May be an image of 2 people, eyeglasses and text that says 'DANNY DOOM Rebel Danny is a nice guy. But he's not always Danny.'

It can be tough to figure out who you are and what you want in life, even more so if others have already made up their mind. That’s a central tenet of Danny Doom, a new independent film opening on Friday on Amazon Prime.

The film follows young Danny who had the misfortune of being born on September 11, 2001. While for him it’s a day to celebrate, for the rest of the world it’s a day to mourn. That creates a bit of isolation for Danny as a child, who doesn’t get much support from home, either, as his parents’ marriage implodes. When his birthday rolls around, no one feels like coming to celebrate him, either. Instead, he earns the moniker Danny Doom from his classmates.

Danny (Gavin Michaels) finally finds a place of belonging when he joins a local church and becomes part of the theater program. As he graduates, Danny finds there’s nothing he wants more than to finish Seminary, go into ministry and get a full-time job crafting the drama program at his church. He pitches the idea and on the day his plan is accepted Danny finds there is something he might want more.

That something is a date with newly single Megan (Brett Hargrave). But, despite Danny’s best efforts, Megan wants nothing to do with him. That is until his worlds collide. While in character as the rough-and-tumble Ham Bone for a drama production, Danny crosses paths with Megan, who is intrigued by the bad boy she fails to recognize.

That encounter sets Danny on a path that threatens to derail his set path but might win him an even bigger prize.

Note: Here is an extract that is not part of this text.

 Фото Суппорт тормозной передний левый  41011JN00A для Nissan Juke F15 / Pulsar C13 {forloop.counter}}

Comedy is hard, and Christian comedy is often an even more difficult hill to climb. Director Matthew Wilson has made a career out of taking on that challenge, delivering several Christian-themed independent comedies in recent years. Danny Doom fits right in that genre, mixing a sometimes-outlandish premise with a larger lesson and some awkward moments.

It’s hard to believe the situations being presented at times, but it frequently works thanks to the comedy style and a fun performance from Michaels in the lead role. There are moments of pure absurdity, but also some that showcase the relationship between Megan and Danny in character, as well as his struggle with what to do.

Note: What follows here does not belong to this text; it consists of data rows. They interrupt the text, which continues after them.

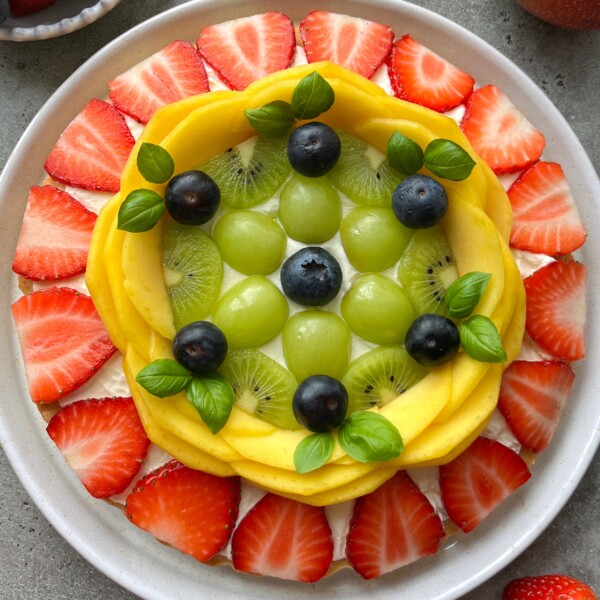 A plate topped with neatly arranged fresh fruit forms a colorful circular pattern—like a vibrant fruit pizza—with rings of sliced strawberries, mango slices, kiwi rounds, green grapes, blueberries, and basil leaves in the center.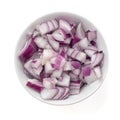 Finely chopped fresh red onion in a generic ceramic bowl isolated on white. Top view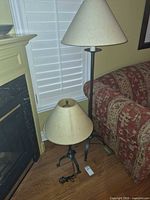 Both lamps side by side near fireplace and sofa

Things don’t work out perfectly, but the ending is satisfying in its own way. Danny doesn’t have a concrete plan, but his early idealism has melted into something more honest, to the point you think he might actually be on his way to finding himself.

The film has a decent look and moves at a good pace, clocking in at a crisp 84 minutes. Wilson has good heart and some biting lines in his script that help carry the film past some of the uneven performances, making the most of a lower budget production. Overall, it was an entertaining and enjoyable smaller film.

Rating: 3 out of 5.

Matthew Fox is a graduate of the Radio, Television and Film program at Biola University, and a giant nerd. He spends his free time watching movies, TV, and obsessing about football. He is a member of the FSWA. You can find him @knighthawk7734 on Twitter and as co-host of the Fantasy Football Roundtable Podcast.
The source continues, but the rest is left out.